== Segment start ==
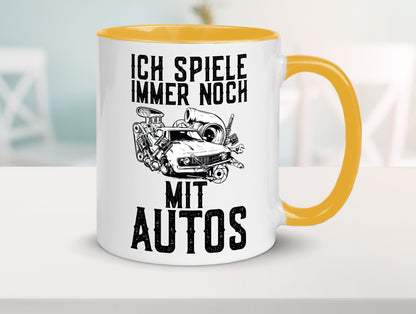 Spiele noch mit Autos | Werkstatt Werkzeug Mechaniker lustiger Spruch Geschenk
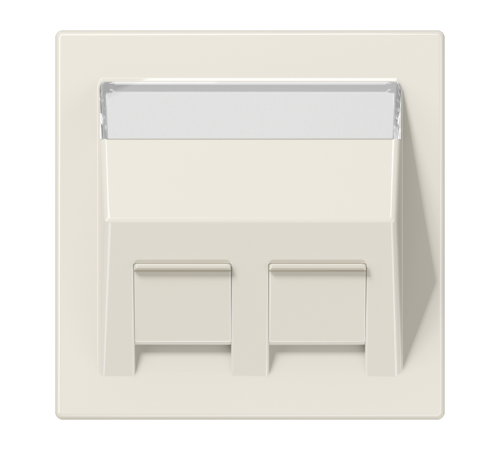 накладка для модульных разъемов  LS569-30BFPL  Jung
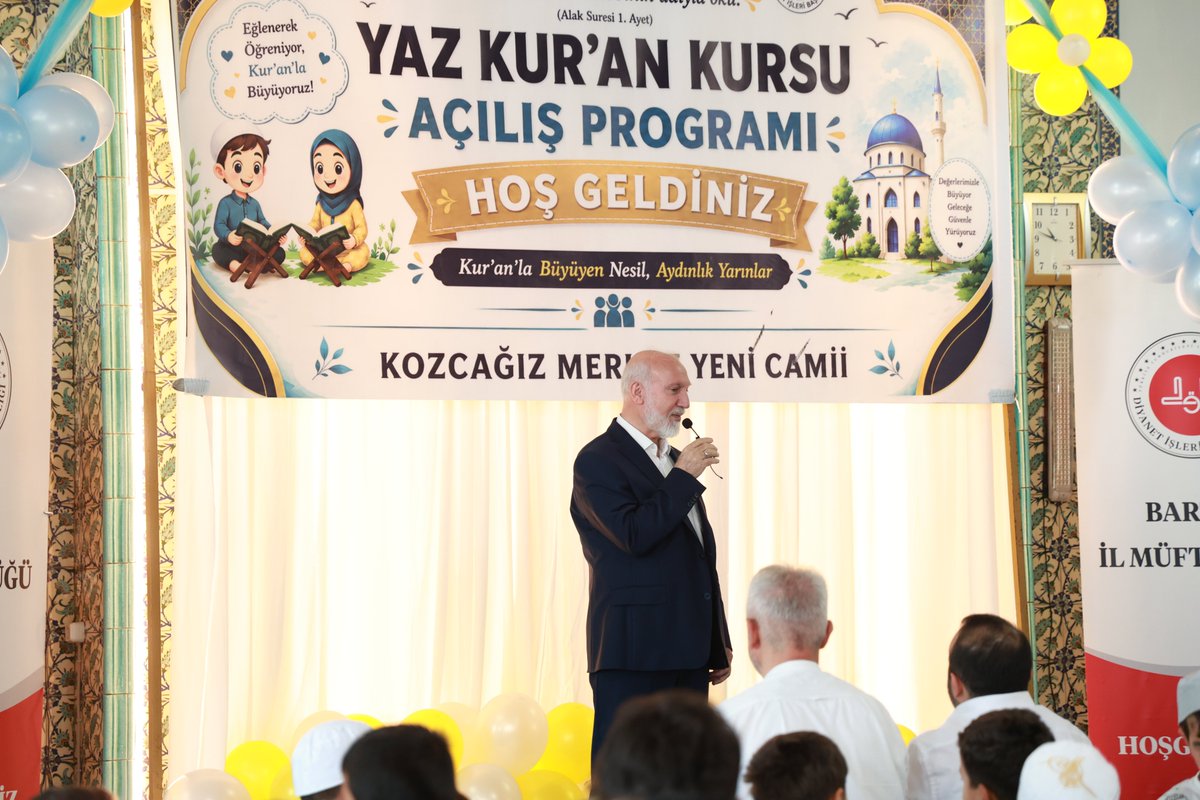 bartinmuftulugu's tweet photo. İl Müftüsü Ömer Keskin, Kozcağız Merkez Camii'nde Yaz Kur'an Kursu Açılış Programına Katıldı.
== Segment end ==
Leave out the pictures, and write out exactly the lines from the one containing "накладка для модульных" through the last line of the listing, both included.

 накладка для модульных разъемов  LS569-30BFPL  Jung
 bartinmuftulugu's tweet photo. İl Müftüsü Ömer Keskin, Kozcağız Merkez Camii'nde Yaz Kur'an Kursu Açılış Programına Katıldı.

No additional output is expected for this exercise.